** WORK REQUEST **
Each line from the top of the listing through the one holding "Base correctiva N107" should be restated word for word, with nothing added and no pictures.

INFORMATION PROVIDED Block Start

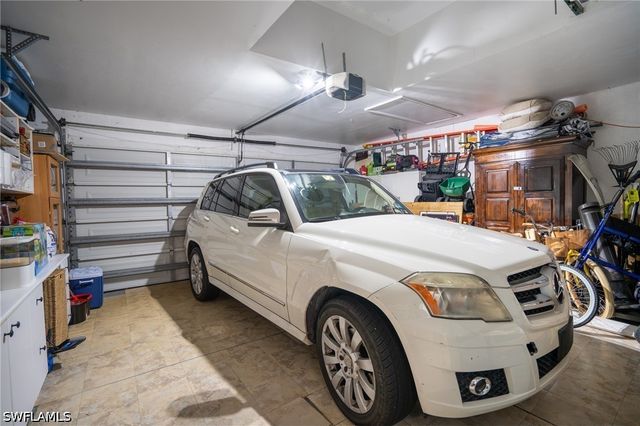 5205 Whitten DR 57, Naples, FL 34104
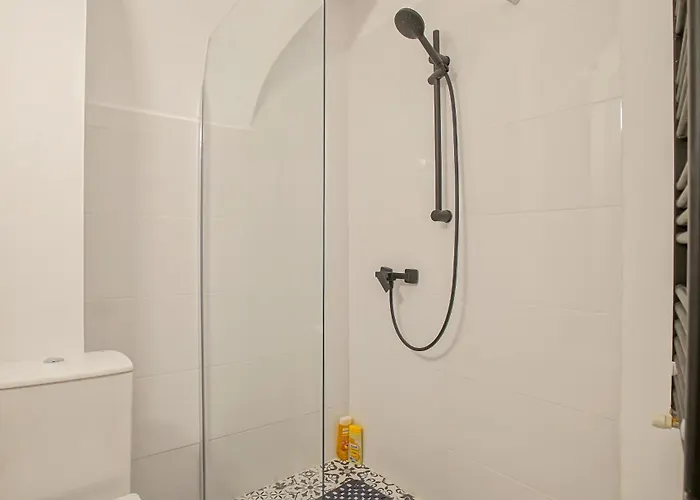 Apartment Charming - Heart Of Poarta Schei *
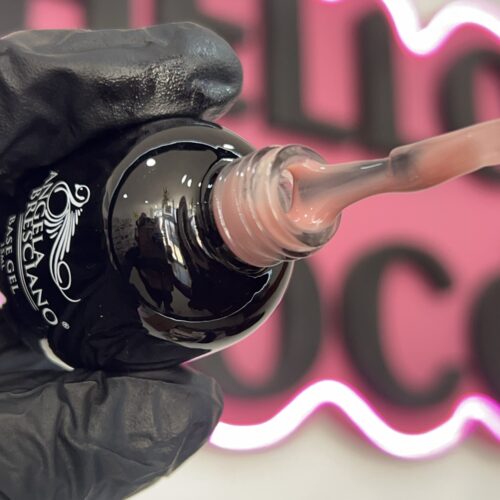 Base correctiva N107 de Angela Bresciano COVER ( base rubber, kapping)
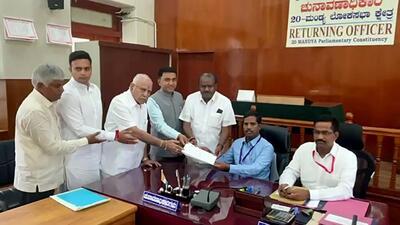 BJP-JDS alliance candidate for Mandya Parliamentary Constituency, H D Kumaraswamy files his nominations for the Lok Sabha elections 2024 in presence of Goa CM Pramod Sawant, BJP leaders B SYediyurappa and Yaduveer Wadiyar, JD(S) leader C. S. Puttaraju, in Mandya on Thursday. (ANI) BJP-JDS alliance candidate for Mandya Parliamentary Constituency, H D Kumaraswamy files his nominations for the Lok Sabha elections 2024 in presence of Goa CM Pramod Sawant, BJP leaders B SYediyurappa and Yaduveer Wadiyar, JD(S) leader C. S. Puttaraju, in Mandya on Thursday. (ANI)
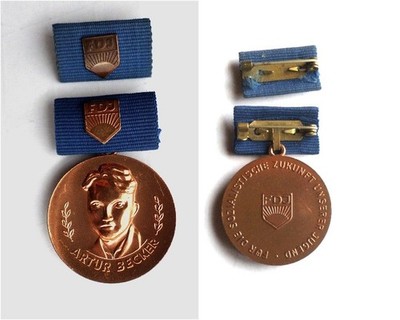 DDR FDJ Medaille Artur Becker Kämpfer spanish civil war East german medal GDR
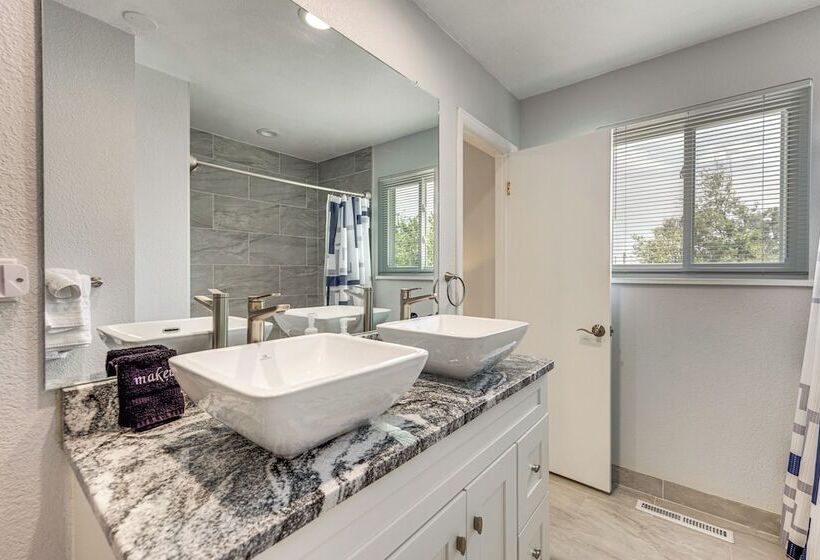 Colorado Springs Home   9 Mi To Garden Of The Gods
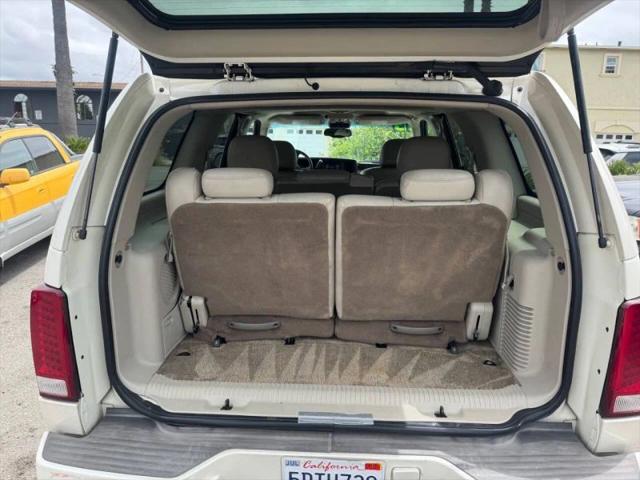 2003 Cadillac Escalade Standard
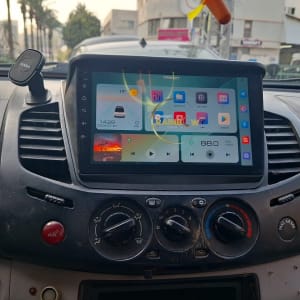 מערכת מולטימדיה ברכב עם מסך מגע ותצוגת אפליקציות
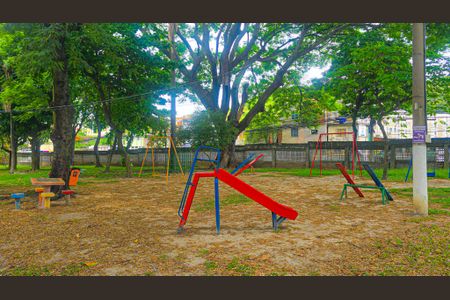 Apartamento à venda com 85m², 2 quartos e 1 vaga Apartamento à venda com 85m², 2 quartos e 1 vagaÁrea comum - Playground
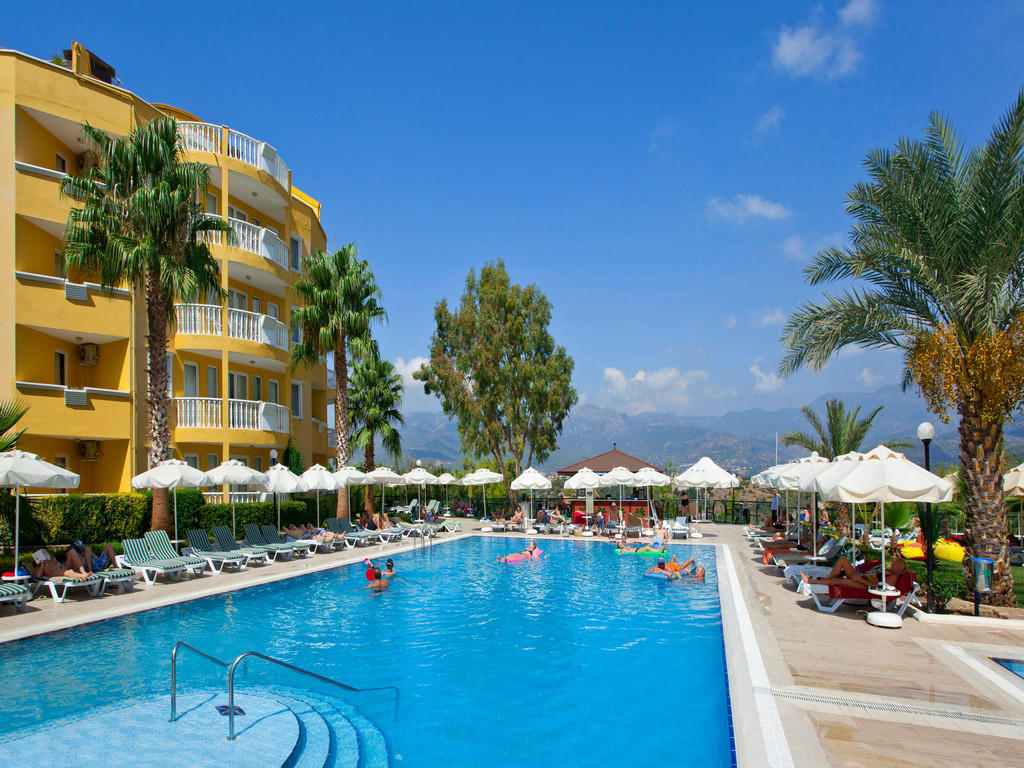 Club Paradiso Hotel & Resort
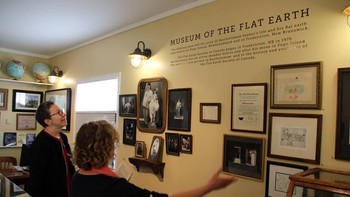 Di Kanada, ternyata juga ada Museum of the Flat Earth yang menyimpan koleksi mengenai teori konspirasi tersebut. Foto: (Museum of the Flat Earth/Facebook)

INFORMATION PROVIDED Block End

** EXERCISE OUTPUT **
 5205 Whitten DR 57, Naples, FL 34104
 Apartment Charming - Heart Of Poarta Schei *
 Base correctiva N107 de Angela Bresciano COVER ( base rubber, kapping)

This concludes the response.